第9話 許されざる者②
振り下ろした双剣が鋭い音を奏でている。
虚空を蹴ってテラスへと飛び掛かるアイアースの眼前にあるのは、シヴィラの無表情な顔と双剣を受け止める二振りの剣。
視線を向けると、イースレイとロジェスがそれぞれの剣を盾にシヴィラへの攻撃を守る形になっている。
だが、この勢いを止めるつもりはない。
目を見開き、剣を握る両の腕に力をこめると、シヴィラもろとも両断するべく、二人の剣を弾き飛ばす。
勢いそのままに振り下ろすも、すでにシヴィラの姿はなく、勢いよく振り下ろされた剣によってテラスが激しく揺れ、破片が激しく舞い上がる。
その瓦礫が周囲を飛び交い、やがてテラスへと舞い落ちるのを待って、アイアースはゆっくりと顔を上げる。
鋭く睨み付けた視線の先には、イースレイとロジェスに加え、いつも間に現れたのか、黒装束の一団がアイアースを見据えており、その後方では、無表情にアイアースを見つめるシヴィラと……。
「フィリス……無事だったか」
静かに、そう口を開いたアイアースであったが、彼の言にフィリスは特に反応を示すことなく、再び目を閉ざすと、身体に深い青色の光を纏いはじめる。
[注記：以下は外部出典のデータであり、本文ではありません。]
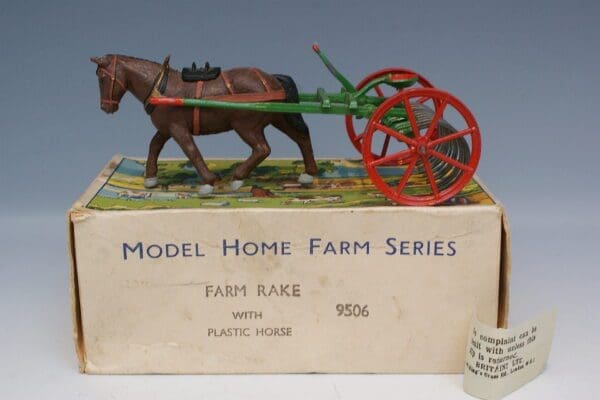 SOLD Britains Farm Rake with Plastic Horse (Boxed)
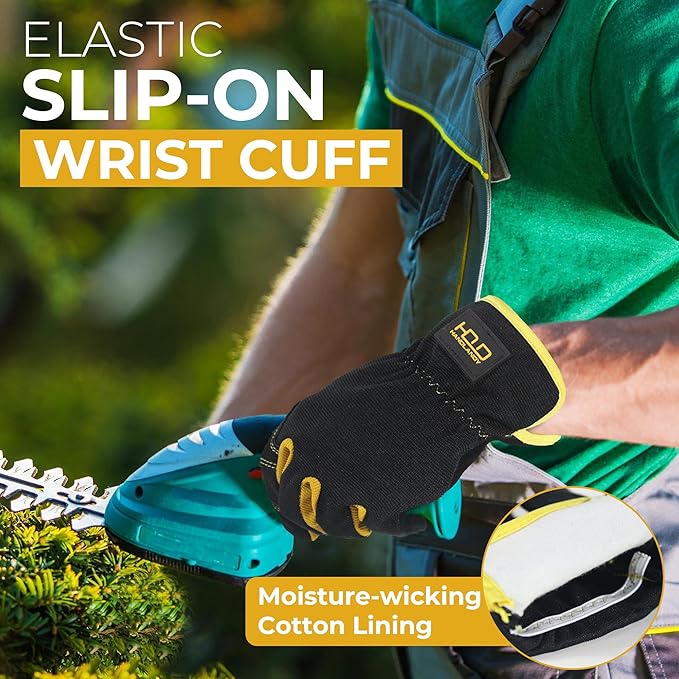 HANDLANDY Men Leather Gardening Gloves, Utility Work Gloves for Mechanics, Construction, Driver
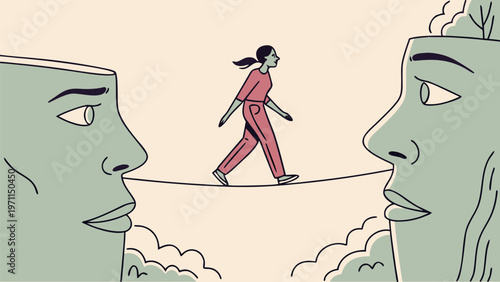 Woman walks tightrope between two giant faces symbolizing balance and inner conflict in a surreal landscape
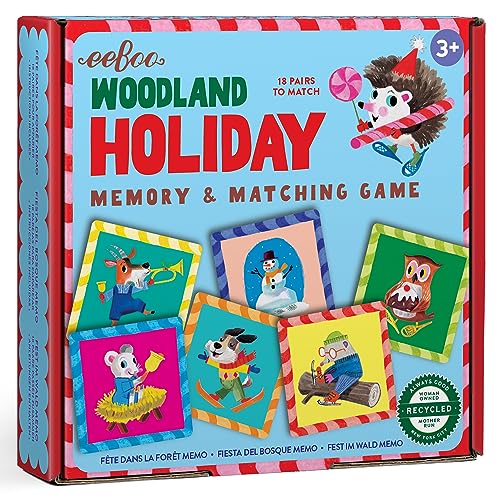 eeBoo: Memory & Matching Game- Woodland Holiday - 18 Themed Matching Pairs, Educational Preschool Game, Kids Ages 3+, 1-4 Players - style: Woodland Holiday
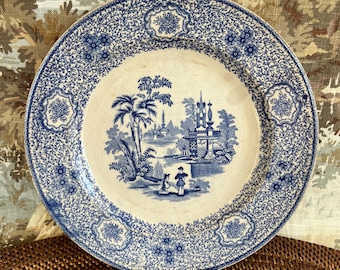 Antique Blue Transferware Plate: 1800s Singanese Chinoiserie Decor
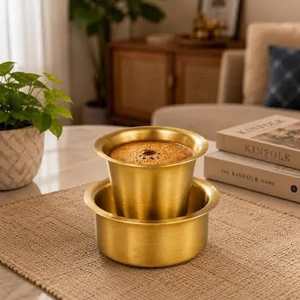หม้อทองเหลืองแบบ Bain Marie ขนาด 9.5 ซม. x 5 ซม. พร้อมฝาปิด ใช้กับเตาแก๊ส ความจุ 120 มล. เหมาะสำหรับใช้ในชีวิตประจำวัน - Product Image 4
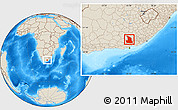 Shaded Relief Location Map of SOMERSET EAST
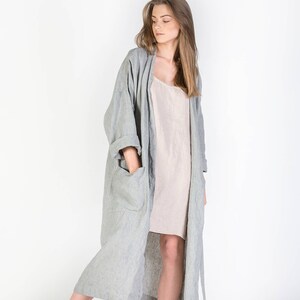 Linen Robe, Vintage Style Natural Linen Robe, Women's Linen Bathrobe ...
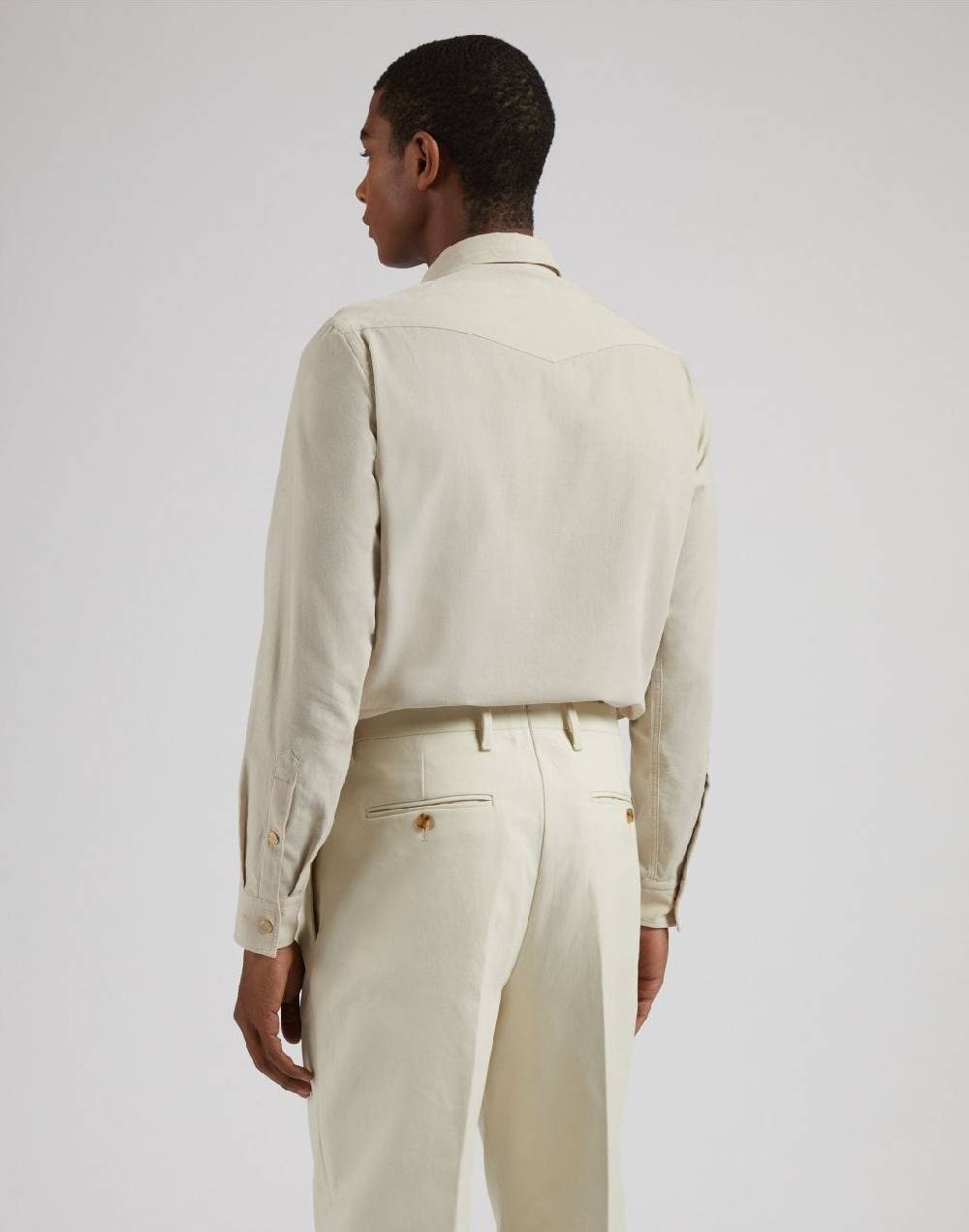 Lardini Camicia ricerca in velluto 3000 righe color panna Fino al 60% di sconto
それが何であるのか、知るよしのないアイアースであったが、一つ、たしかなことがあった。
「貴様らの仕業か」
「だったらどうするの?」
「二つ選べ。彼女を解放して、俺に斬られるか、彼女の解放せずに俺に斬られるか。だ」
「選択の余地はないわね」
静かにそう口を開いたアイアースに対し、素っ気なく応えるシヴィラ。
その態度に、一瞬血が沸き立ったように思えるアイアースであったが、いったん気を鎮めたアイアースは、彼らに対して鋭い視線を向け、口を開く。
彼らに待ち受ける運命は一つだけであったが、フィリスまでを巻き込むつもりはアイアースにはない。
そして、シヴィラ等の答えは、一つであった。
ゆっくりと全員が剣を構え、アイアース対峙する。そんな中にあって、シヴィラはゆっくりとフィリスに対して背後から腕を回すように抱きとめる。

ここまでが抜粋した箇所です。